Scraped caption text data:
::::::

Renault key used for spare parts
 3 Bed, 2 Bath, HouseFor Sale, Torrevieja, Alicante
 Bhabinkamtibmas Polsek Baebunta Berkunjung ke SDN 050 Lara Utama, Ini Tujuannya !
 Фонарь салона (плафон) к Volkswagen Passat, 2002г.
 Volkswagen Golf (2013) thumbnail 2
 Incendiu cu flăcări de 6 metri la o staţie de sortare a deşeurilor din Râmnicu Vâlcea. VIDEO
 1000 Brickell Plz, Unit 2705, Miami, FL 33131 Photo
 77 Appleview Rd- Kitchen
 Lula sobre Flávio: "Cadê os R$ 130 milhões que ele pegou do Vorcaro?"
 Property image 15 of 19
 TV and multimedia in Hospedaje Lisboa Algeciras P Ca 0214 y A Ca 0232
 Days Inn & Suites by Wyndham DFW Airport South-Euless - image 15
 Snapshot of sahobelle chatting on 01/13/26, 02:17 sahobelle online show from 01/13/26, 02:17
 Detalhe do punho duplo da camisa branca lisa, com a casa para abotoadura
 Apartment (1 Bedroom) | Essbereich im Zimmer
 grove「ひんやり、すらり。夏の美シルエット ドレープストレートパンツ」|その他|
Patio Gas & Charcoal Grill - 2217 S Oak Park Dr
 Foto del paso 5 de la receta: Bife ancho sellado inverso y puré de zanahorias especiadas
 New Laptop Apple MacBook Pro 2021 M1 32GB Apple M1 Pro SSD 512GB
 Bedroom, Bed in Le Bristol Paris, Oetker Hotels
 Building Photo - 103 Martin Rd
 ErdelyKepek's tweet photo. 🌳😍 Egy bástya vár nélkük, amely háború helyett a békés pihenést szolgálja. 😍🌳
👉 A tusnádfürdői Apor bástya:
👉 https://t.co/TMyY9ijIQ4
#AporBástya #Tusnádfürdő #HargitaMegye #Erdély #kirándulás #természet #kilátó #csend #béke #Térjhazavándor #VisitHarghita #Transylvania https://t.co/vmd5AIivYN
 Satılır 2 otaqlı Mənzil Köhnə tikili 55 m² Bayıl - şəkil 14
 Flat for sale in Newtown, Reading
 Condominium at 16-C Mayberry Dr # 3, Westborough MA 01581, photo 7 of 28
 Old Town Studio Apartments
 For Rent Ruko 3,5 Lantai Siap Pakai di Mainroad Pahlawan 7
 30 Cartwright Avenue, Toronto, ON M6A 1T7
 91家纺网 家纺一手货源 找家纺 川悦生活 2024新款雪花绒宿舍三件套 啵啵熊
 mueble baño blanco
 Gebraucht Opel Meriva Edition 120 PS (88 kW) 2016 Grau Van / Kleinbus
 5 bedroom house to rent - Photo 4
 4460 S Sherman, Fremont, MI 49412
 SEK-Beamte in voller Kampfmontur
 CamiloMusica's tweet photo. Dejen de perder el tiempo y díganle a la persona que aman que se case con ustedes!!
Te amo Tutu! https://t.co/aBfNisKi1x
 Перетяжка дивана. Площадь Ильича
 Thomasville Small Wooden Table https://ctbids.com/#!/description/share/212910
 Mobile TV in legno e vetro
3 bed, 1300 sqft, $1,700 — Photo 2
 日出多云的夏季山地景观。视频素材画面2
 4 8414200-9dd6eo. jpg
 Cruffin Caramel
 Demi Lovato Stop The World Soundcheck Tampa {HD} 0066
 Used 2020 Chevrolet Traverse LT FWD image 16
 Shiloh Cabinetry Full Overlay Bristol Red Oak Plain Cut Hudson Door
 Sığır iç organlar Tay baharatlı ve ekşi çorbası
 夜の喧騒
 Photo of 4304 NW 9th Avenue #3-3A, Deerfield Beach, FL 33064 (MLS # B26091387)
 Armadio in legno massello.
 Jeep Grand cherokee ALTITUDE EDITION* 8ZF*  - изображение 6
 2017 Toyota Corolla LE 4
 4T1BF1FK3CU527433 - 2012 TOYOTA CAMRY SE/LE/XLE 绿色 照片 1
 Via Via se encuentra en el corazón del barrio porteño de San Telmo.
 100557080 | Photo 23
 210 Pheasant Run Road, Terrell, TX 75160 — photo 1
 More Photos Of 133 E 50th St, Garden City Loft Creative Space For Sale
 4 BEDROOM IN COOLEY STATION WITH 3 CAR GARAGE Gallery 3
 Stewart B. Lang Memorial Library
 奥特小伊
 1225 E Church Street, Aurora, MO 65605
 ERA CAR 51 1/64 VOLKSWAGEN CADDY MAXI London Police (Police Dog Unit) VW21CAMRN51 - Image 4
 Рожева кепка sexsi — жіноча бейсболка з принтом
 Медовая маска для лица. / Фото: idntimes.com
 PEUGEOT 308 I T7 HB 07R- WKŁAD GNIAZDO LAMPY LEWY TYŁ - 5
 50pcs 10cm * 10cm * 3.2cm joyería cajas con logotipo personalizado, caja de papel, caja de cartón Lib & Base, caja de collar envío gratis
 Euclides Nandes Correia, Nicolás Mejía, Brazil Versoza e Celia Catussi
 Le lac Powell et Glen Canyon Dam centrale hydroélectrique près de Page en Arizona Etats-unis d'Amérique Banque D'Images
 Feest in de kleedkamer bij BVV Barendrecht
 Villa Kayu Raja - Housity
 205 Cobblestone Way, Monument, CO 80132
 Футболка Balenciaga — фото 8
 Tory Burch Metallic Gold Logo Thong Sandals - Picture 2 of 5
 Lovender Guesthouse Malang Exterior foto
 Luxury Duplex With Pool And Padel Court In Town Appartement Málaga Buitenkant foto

::::::

Try it: Every entry, from the first line to the last, should be retyped exactly.

Exercise output:
Renault key used for spare parts
 3 Bed, 2 Bath, HouseFor Sale, Torrevieja, Alicante
 Bhabinkamtibmas Polsek Baebunta Berkunjung ke SDN 050 Lara Utama, Ini Tujuannya !
 Фонарь салона (плафон) к Volkswagen Passat, 2002г.
 Volkswagen Golf (2013) thumbnail 2
 Incendiu cu flăcări de 6 metri la o staţie de sortare a deşeurilor din Râmnicu Vâlcea. VIDEO
 1000 Brickell Plz, Unit 2705, Miami, FL 33131 Photo
 77 Appleview Rd- Kitchen
 Lula sobre Flávio: "Cadê os R$ 130 milhões que ele pegou do Vorcaro?"
 Property image 15 of 19
 TV and multimedia in Hospedaje Lisboa Algeciras P Ca 0214 y A Ca 0232
 Days Inn & Suites by Wyndham DFW Airport South-Euless - image 15
 Snapshot of sahobelle chatting on 01/13/26, 02:17 sahobelle online show from 01/13/26, 02:17
 Detalhe do punho duplo da camisa branca lisa, com a casa para abotoadura
 Apartment (1 Bedroom) | Essbereich im Zimmer
 grove「ひんやり、すらり。夏の美シルエット ドレープストレートパンツ」|その他|
Patio Gas & Charcoal Grill - 2217 S Oak Park Dr
 Foto del paso 5 de la receta: Bife ancho sellado inverso y puré de zanahorias especiadas
 New Laptop Apple MacBook Pro 2021 M1 32GB Apple M1 Pro SSD 512GB
 Bedroom, Bed in Le Bristol Paris, Oetker Hotels
 Building Photo - 103 Martin Rd
 ErdelyKepek's tweet photo. 🌳😍 Egy bástya vár nélkük, amely háború helyett a békés pihenést szolgálja. 😍🌳
👉 A tusnádfürdői Apor bástya:
👉 https://t.co/TMyY9ijIQ4
#AporBástya #Tusnádfürdő #HargitaMegye #Erdély #kirándulás #természet #kilátó #csend #béke #Térjhazavándor #VisitHarghita #Transylvania https://t.co/vmd5AIivYN
 Satılır 2 otaqlı Mənzil Köhnə tikili 55 m² Bayıl - şəkil 14
 Flat for sale in Newtown, Reading
 Condominium at 16-C Mayberry Dr # 3, Westborough MA 01581, photo 7 of 28
 Old Town Studio Apartments
 For Rent Ruko 3,5 Lantai Siap Pakai di Mainroad Pahlawan 7
 30 Cartwright Avenue, Toronto, ON M6A 1T7
 91家纺网 家纺一手货源 找家纺 川悦生活 2024新款雪花绒宿舍三件套 啵啵熊
 mueble baño blanco
 Gebraucht Opel Meriva Edition 120 PS (88 kW) 2016 Grau Van / Kleinbus
 5 bedroom house to rent - Photo 4
 4460 S Sherman, Fremont, MI 49412
 SEK-Beamte in voller Kampfmontur
 CamiloMusica's tweet photo. Dejen de perder el tiempo y díganle a la persona que aman que se case con ustedes!!
Te amo Tutu! https://t.co/aBfNisKi1x
 Перетяжка дивана. Площадь Ильича
 Thomasville Small Wooden Table https://ctbids.com/#!/description/share/212910
 Mobile TV in legno e vetro
3 bed, 1300 sqft, $1,700 — Photo 2
 日出多云的夏季山地景观。视频素材画面2
 4 8414200-9dd6eo. jpg
 Cruffin Caramel
 Demi Lovato Stop The World Soundcheck Tampa {HD} 0066
 Used 2020 Chevrolet Traverse LT FWD image 16
 Shiloh Cabinetry Full Overlay Bristol Red Oak Plain Cut Hudson Door
 Sığır iç organlar Tay baharatlı ve ekşi çorbası
 夜の喧騒
 Photo of 4304 NW 9th Avenue #3-3A, Deerfield Beach, FL 33064 (MLS # B26091387)
 Armadio in legno massello.
 Jeep Grand cherokee ALTITUDE EDITION* 8ZF*  - изображение 6
 2017 Toyota Corolla LE 4
 4T1BF1FK3CU527433 - 2012 TOYOTA CAMRY SE/LE/XLE 绿色 照片 1
 Via Via se encuentra en el corazón del barrio porteño de San Telmo.
 100557080 | Photo 23
 210 Pheasant Run Road, Terrell, TX 75160 — photo 1
 More Photos Of 133 E 50th St, Garden City Loft Creative Space For Sale
 4 BEDROOM IN COOLEY STATION WITH 3 CAR GARAGE Gallery 3
 Stewart B. Lang Memorial Library
 奥特小伊
 1225 E Church Street, Aurora, MO 65605
 ERA CAR 51 1/64 VOLKSWAGEN CADDY MAXI London Police (Police Dog Unit) VW21CAMRN51 - Image 4
 Рожева кепка sexsi — жіноча бейсболка з принтом
 Медовая маска для лица. / Фото: idntimes.com
 PEUGEOT 308 I T7 HB 07R- WKŁAD GNIAZDO LAMPY LEWY TYŁ - 5
 50pcs 10cm * 10cm * 3.2cm joyería cajas con logotipo personalizado, caja de papel, caja de cartón Lib & Base, caja de collar envío gratis
 Euclides Nandes Correia, Nicolás Mejía, Brazil Versoza e Celia Catussi
 Le lac Powell et Glen Canyon Dam centrale hydroélectrique près de Page en Arizona Etats-unis d'Amérique Banque D'Images
 Feest in de kleedkamer bij BVV Barendrecht
 Villa Kayu Raja - Housity
 205 Cobblestone Way, Monument, CO 80132
 Футболка Balenciaga — фото 8
 Tory Burch Metallic Gold Logo Thong Sandals - Picture 2 of 5
 Lovender Guesthouse Malang Exterior foto
 Luxury Duplex With Pool And Padel Court In Town Appartement Málaga Buitenkant foto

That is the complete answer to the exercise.